Privacy on the Web: The Beacons Know You

 

Did you ever notice how a web site you have never visited before knows your interests enough to give you targeted advertisements? Sometimes, the ads are based on the content of the site, but other times, there appears to be no connection. There is an approach to collecting user information that crosses web site boundaries and maintains a history of your preferences.

You may ask, how is this possible? Are these companies sharing information? Is there adware on my computer that’s giving out this information? No. The answer is much simpler — outsourced advertising and analytics.

Many companies can’t afford to maintain a department that attracts advertisers, manages advertising sales, and tracks ad performance.

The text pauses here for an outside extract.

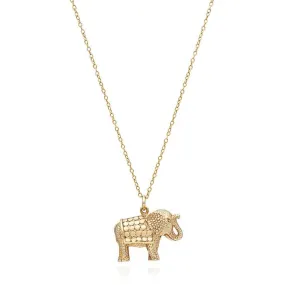 Anna Beck Elephant Charm Necklace - Gold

As a result, they outsource their advertising to a specialized company. In the same way, most companies do not have the tools or expertise to track their own web site metrics, so they outsource to large companies that specialize in web analytics.

To display appropriate advertising, track ad performance, and track overall behavioral metrics on web sites, these companies that provide the service require the publisher or advertiser to put a small piece of code on their web site. This may be a small piece of Javascript or a simple image request. It is this image request that allows the advertising or analytics company to track user behavior across multiple web sites, since they are provided information about you at each site that has their beacon.

How Beacons Work

Web beacons are snippets of Javascript or HTML that create one pixel by one pixel image requests to a different web site that collects the data. This single pixel is invisible to the viewer of the web site. It is usually placed just inside the closing “body” tag of the page, although some analytics companies recommend that it be placed inside the opening “body” tag to improve accuracy.

There are three types of information that are collected using this image:

1. Data embedded in the URL: At a minimum, this data includes some form of account ID that represents the publisher of the web site the user is viewing. It may include any variables that can be retrieved using Javascript, such as screen resolution. It may include custom variables that better identify the user, such as user account number, email address, and any other data that the web site publisher collects from you during your visit.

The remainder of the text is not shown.